WORK ORDER:
Print every line below exactly as written, but leave the pictures behind.

DATA BELOW:
▼

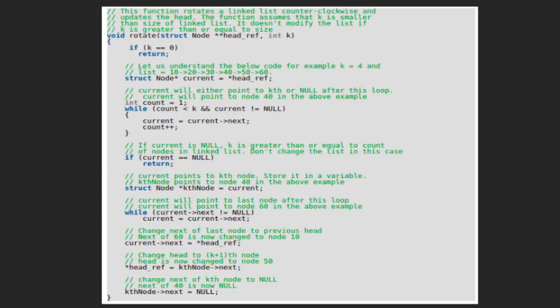Now let's see the C implementation of the above algorithm. The function takes two parameters: the head of the linked list and an integer k. We are passing a pointer to pointer while passing head, so it will automatically allow changing the head pointer directly instead of returning a new head. So the return type of this function is kept as void.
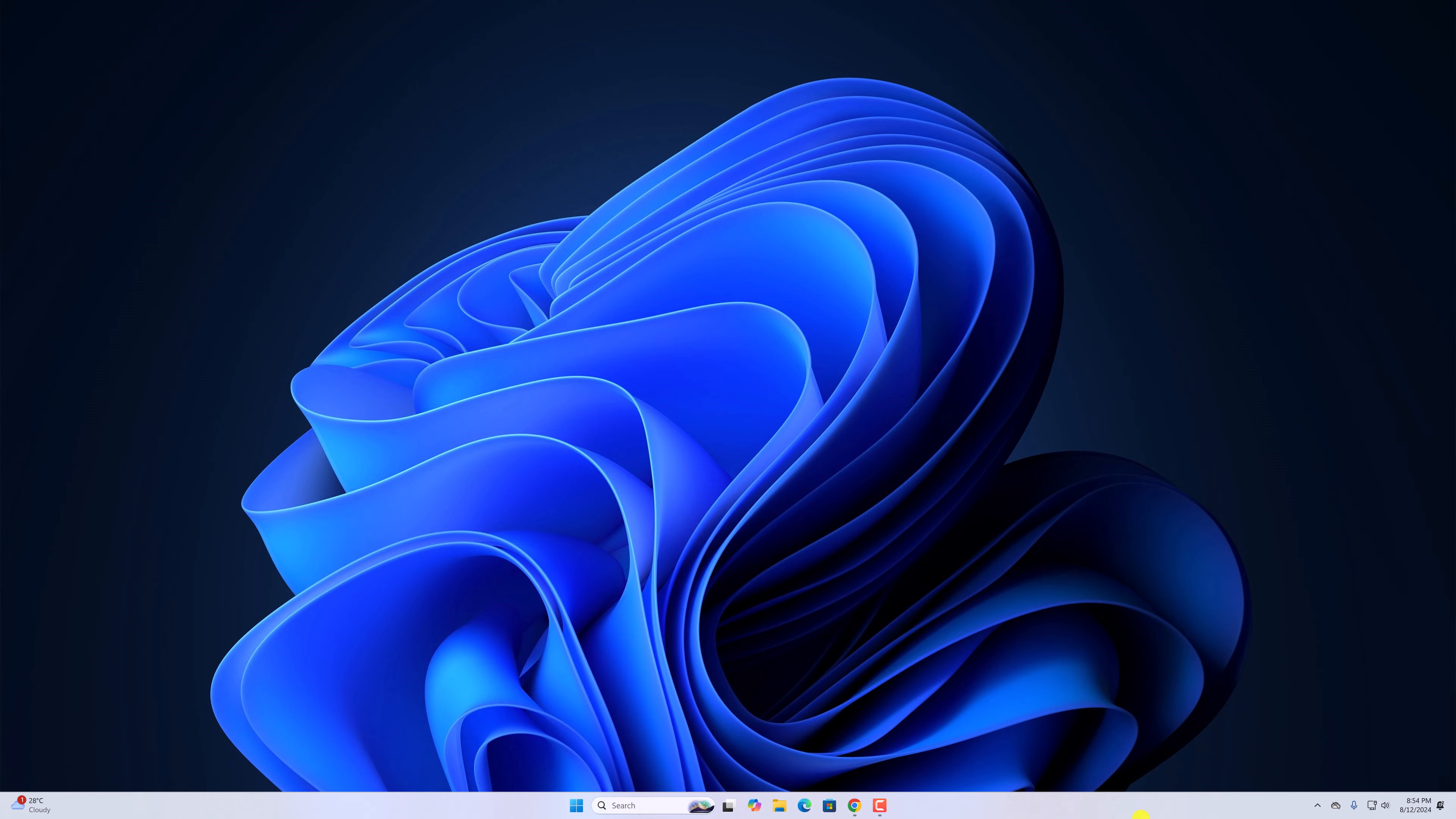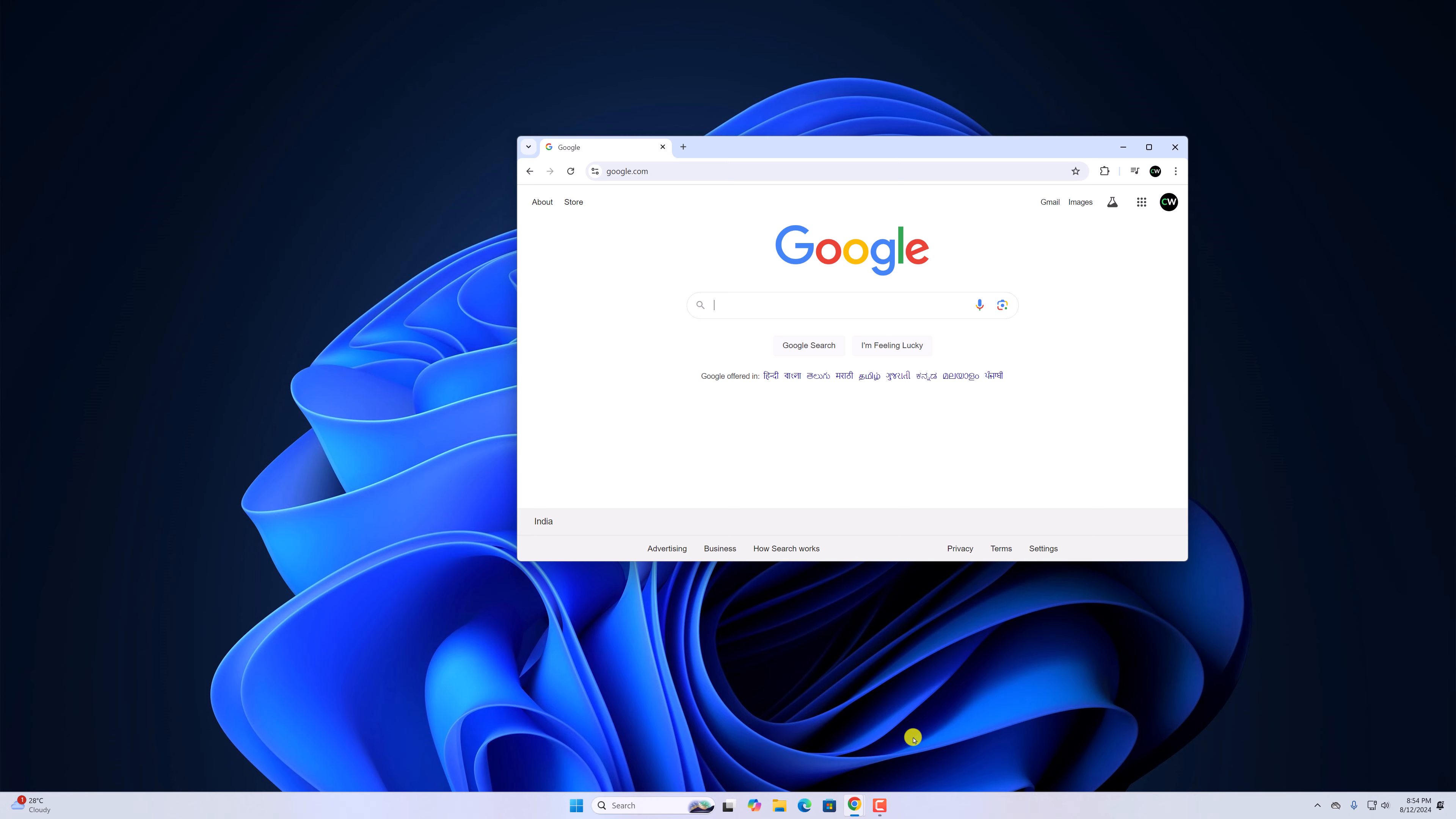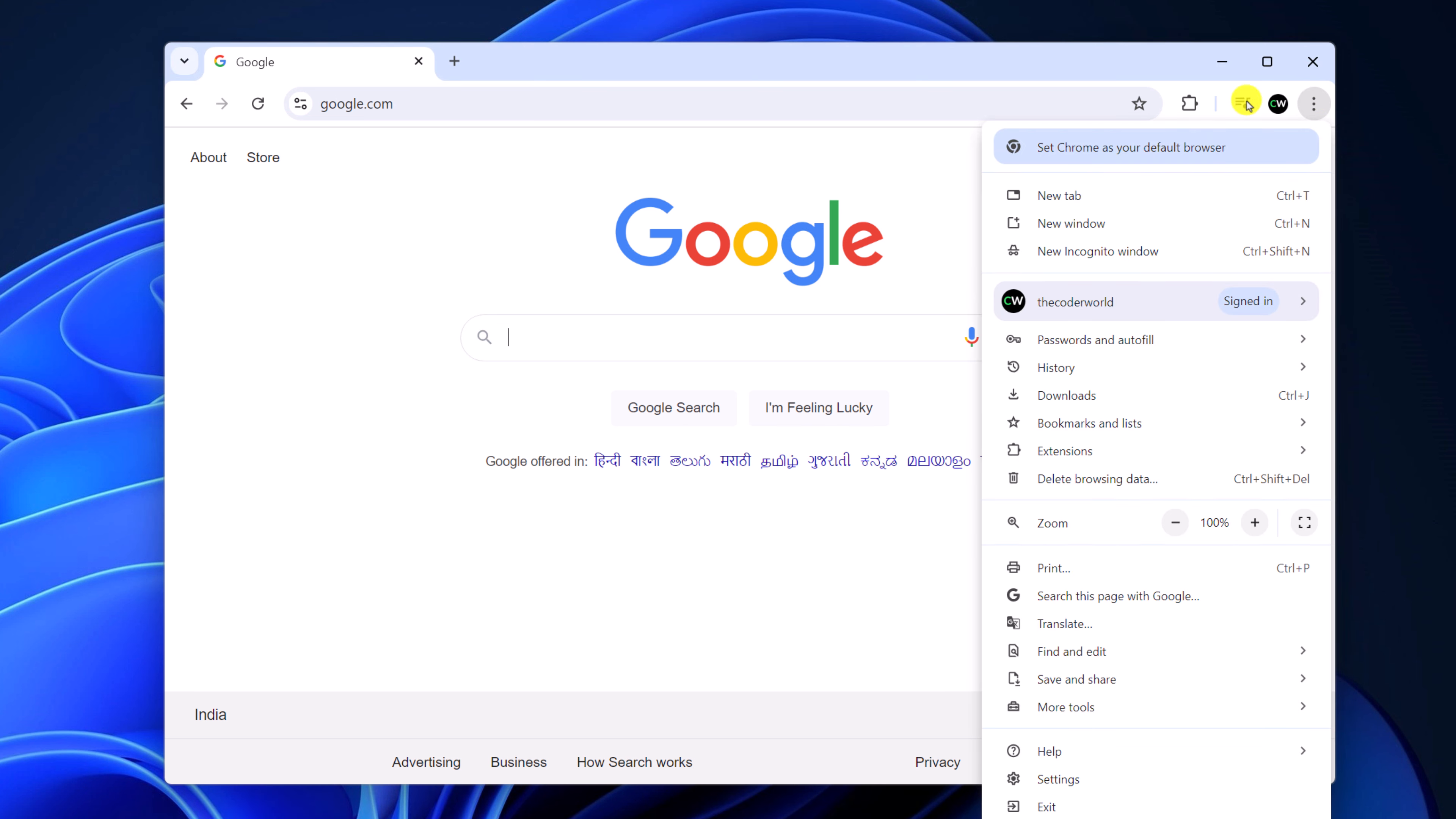To enable full-screen mode, simply open Google Chrome browser, click on the three-dot icon, and look for the zoom option. Here you'll find an icon to use Google Chrome in full screen.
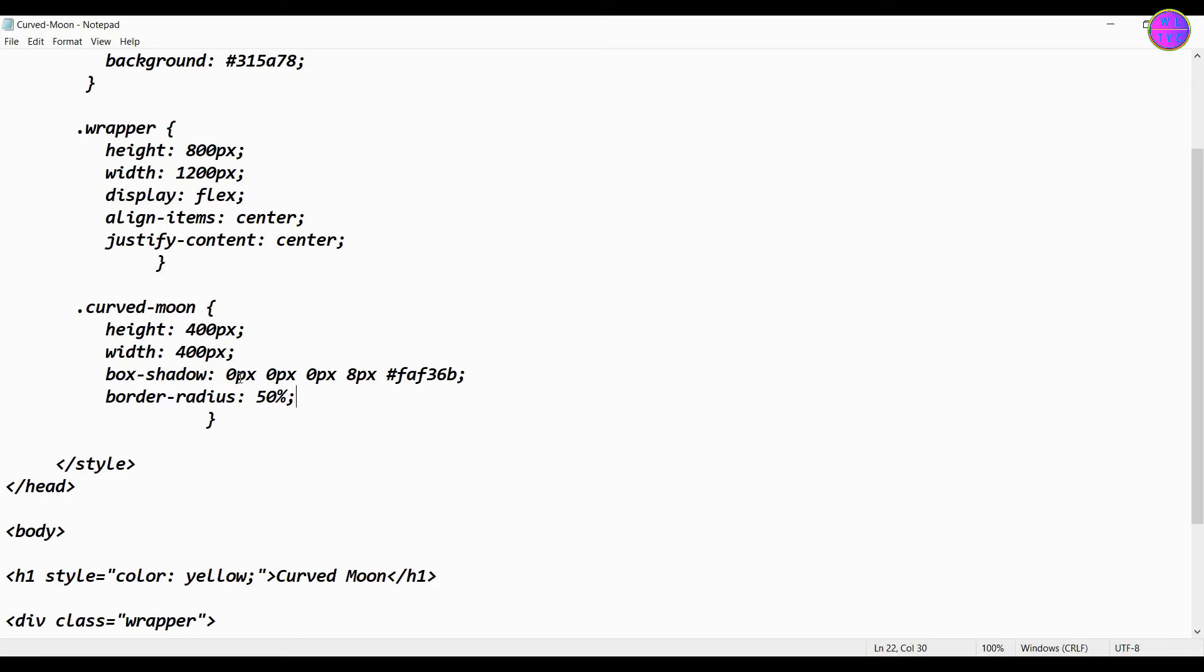Now let me explain about the box shadow here. If you adjust these two pixels, they can help you to obtain the moon shape in different directions.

▲

RESPONSE TO THIS TASK:
Now let's see the C implementation of the above algorithm. The function takes two parameters: the head of the linked list and an integer k. We are passing a pointer to pointer while passing head, so it will automatically allow changing the head pointer directly instead of returning a new head. So the return type of this function is kept as void.
To enable full-screen mode, simply open Google Chrome browser, click on the three-dot icon, and look for the zoom option. Here you'll find an icon to use Google Chrome in full screen.
Now let me explain about the box shadow here. If you adjust these two pixels, they can help you to obtain the moon shape in different directions.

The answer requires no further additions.